Aunque algunos me digan que soy un ingenuo, hay cosas que me sorprenden mucho. Más que sorprender, me alarman. Peor, me atemorizan. Este año parece ser a todo o nada para todos. Año electoral como pocos… y sin exagerar. De un lado, los que estamos mirando los logros de estos ocho años con mucha simpatía, casi convencidos (dicho con modestia) de que éste es el único camino a la vista para construir –colectivamente- el país que muchos soñamos. Memorizamos datos, cifras, siglas, estadísticas, frases, hechos para esgrimir como argumentos de lo que vamos a votar en octubre y convencer al que está dubitativo de lo que debería votar si es un argentino de buena voluntad.
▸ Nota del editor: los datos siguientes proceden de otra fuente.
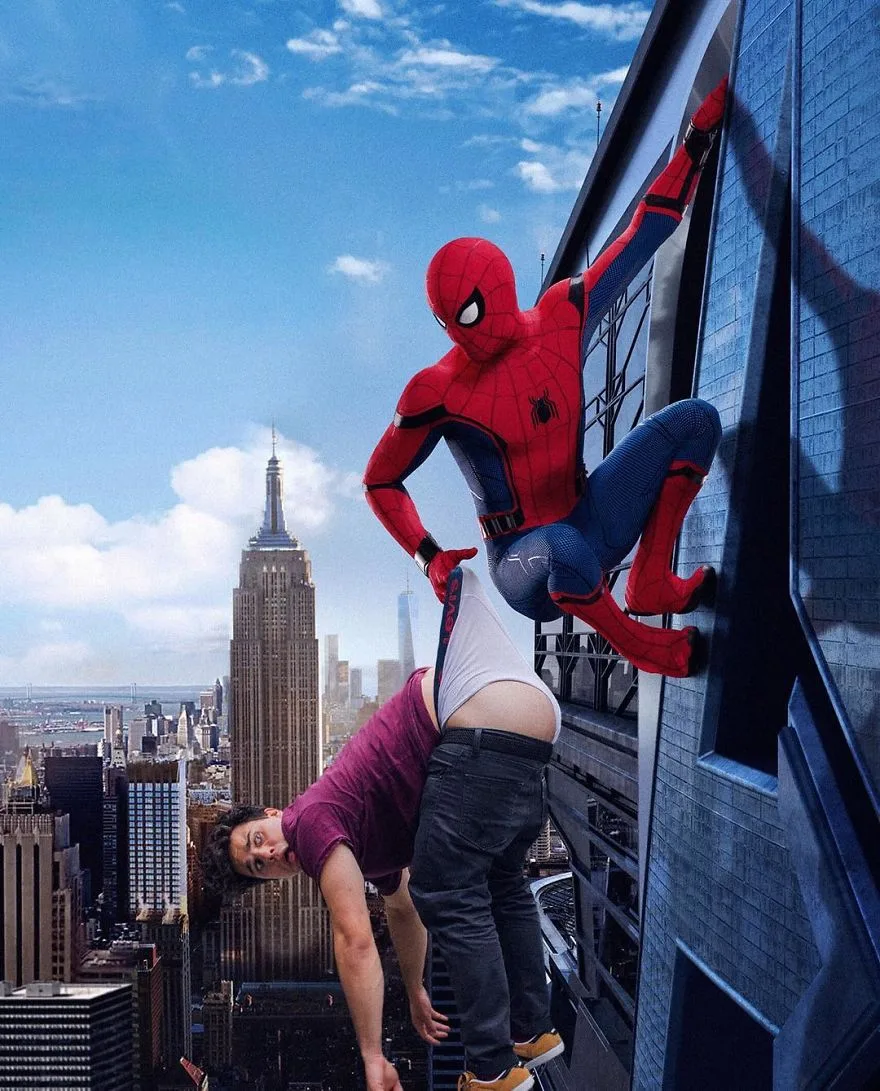 Ο Average Bob σε επεξεργασμένη φωτογραφία με τον Spider-Man στην κορυφή ενός ουρανοξύστη.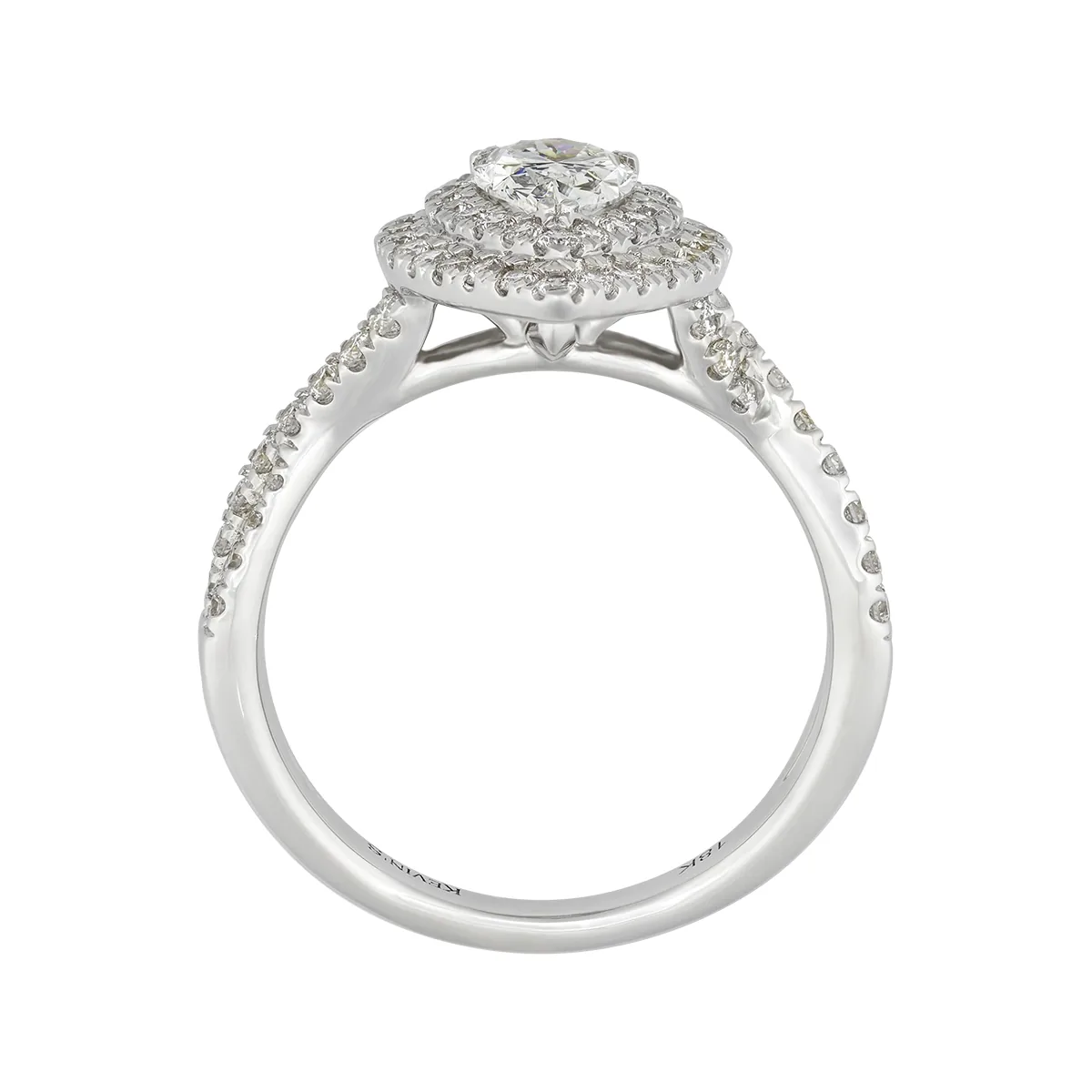 Anillo de compromiso halo doble, con diamante de laboratorio central pera IGI de 0.70ct y decoración en diamantes de laboratorio, oro tono blanco 18k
Lo pienso así y no suelo ser exagerado. Del otro lado, los otros, los que se empecinan en ser oposición (y no estoy hablando de políticos, sino de ciudadanos comunes y corrientes) en ver caos donde no lo hay. Es más, algunos hasta llegan a afirmar que este gobierno nos está llevando al desastre, a la extinción como país, que jamás se ha vivido una situación tan calamitosa como ésta. Cuando escucho algo así, sólo puedo dibujar una sonrisita suave, como de condescendencia. Hay venenos que no tienen antídoto. Pobres, ¿no? Van a tener que “soportar” mucho más de este kaos kalamitoso y katastrófiko.
Pero más grave aún es que, muchas veces, ese veneno traspasa límites verdaderamente venenosos. Soy un curioso impertinente, como diría Cervantes, y también un poco masoquista. Todos los días curioseo con impertinencia las cartas de los lectores de La Capital, cuyas columnas pertenecen al pueblo pero sin demasiadas precisiones que indiquen en qué zona geográfica está ubicado ese pueblo tan encolumnado. En muchas de esas cartas se ve el asco, el más racial, el más recalcitrante que uno pueda imaginarse. Ese asco-odio de aquella gente que no logra entender lo que es la inclusión. De esos que se quejan de las jubilaciones ampliadas, de la asignación universal, de los subsidios a los desocupados… En estos días leí la carta de una señora que se quejaba por la asignación extendida a las embarazadas porque convertía a las mujeres pobres en “fábricas de bebés”. Sin palabras, sin argumentos. ¿Qué quieren?¿Qué piensan?¿Qué sienten aquellas personas capaces de expresar tanta crueldad? ¿Qué clase de cuentitos leerán a sus nietos?
Derrotero muy interesante, especialmente para un filósofo "interruptus".